Laut UNO stimmt das zwar nicht: Begonnen habe lediglich die Entwaffnung der islamistischen paramilitärischen „Volksverteidigungskräfte“ (PDF), die aus Südsudan bekannt sind und in Darfur sowieso nichts zu suchen haben. Die Dschandschawid hingegen blieben aktiv, und sogar Sudans Regierungsstreitkräfte nähmen an Angriffen auf Zivilisten in Darfur teil. Aber das dürfte Sudans Regierung auch weiterhin nicht daran hindern, eine große AU-Truppe gutzuheißen und sich zugleich jedem wirkungsvollen Mandat einer solchen Truppe zu widersetzen.
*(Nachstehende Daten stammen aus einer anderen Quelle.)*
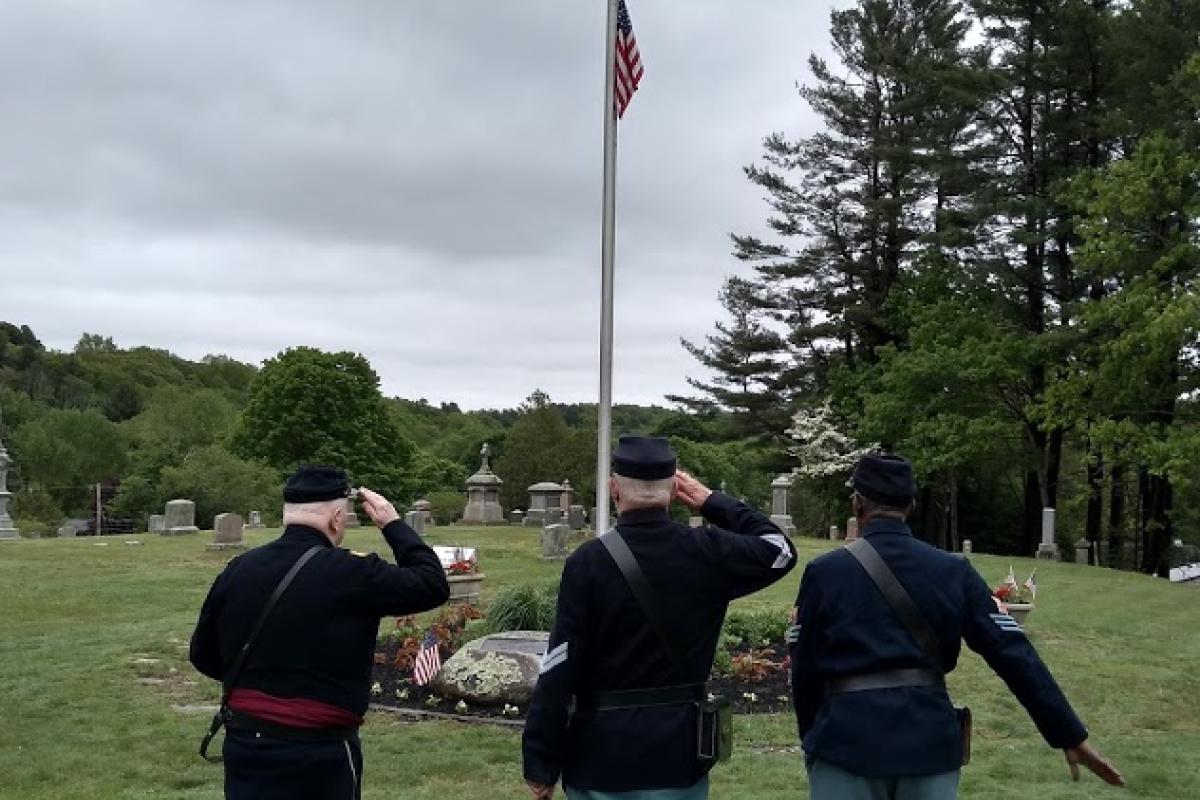 Three Men in Civil War Period Uniforms Salute the Flag Flying at Half Mast during a Grave Recognition Ceremony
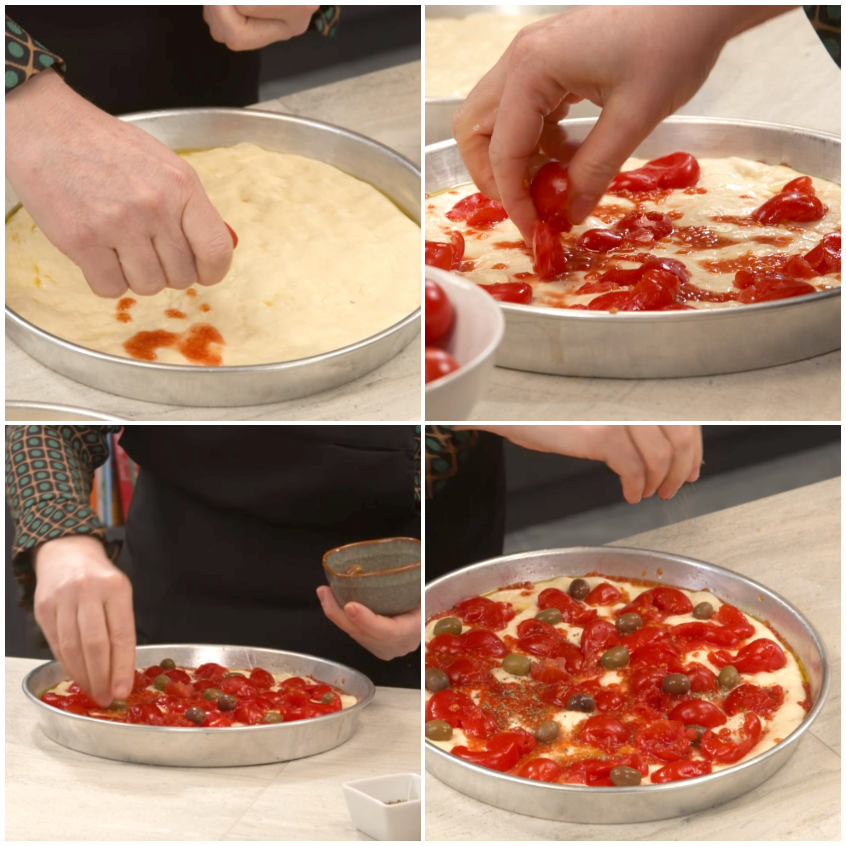 Pomodorini schiacciati sulla focaccia barese con olive e origano sparsi sull'impasto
Bleibt das Schicksal der 1,2 Millionen Vertriebenen in Darfur. Deren „freiwillige“ Umsiedlung in „sichere Zonen“ vereinbarte UN-Sonderbeauftragter Jan Pronk am 5. August mit der Regierung. „Konsolidierung ethnischer Säuberung“, nennt das Human Rights Watch. Der UN-Bericht äußert sich dazu nicht, weist aber darauf hin, dass die „sicheren Zonen“, in denen Menschen ohne Angst leben sollen, eigentlich als Modell für ganz Darfur gedacht sind. Doch Gedankenspiele führen nicht weiter. Das ist das eigentliche Problem der UNO in Darfur.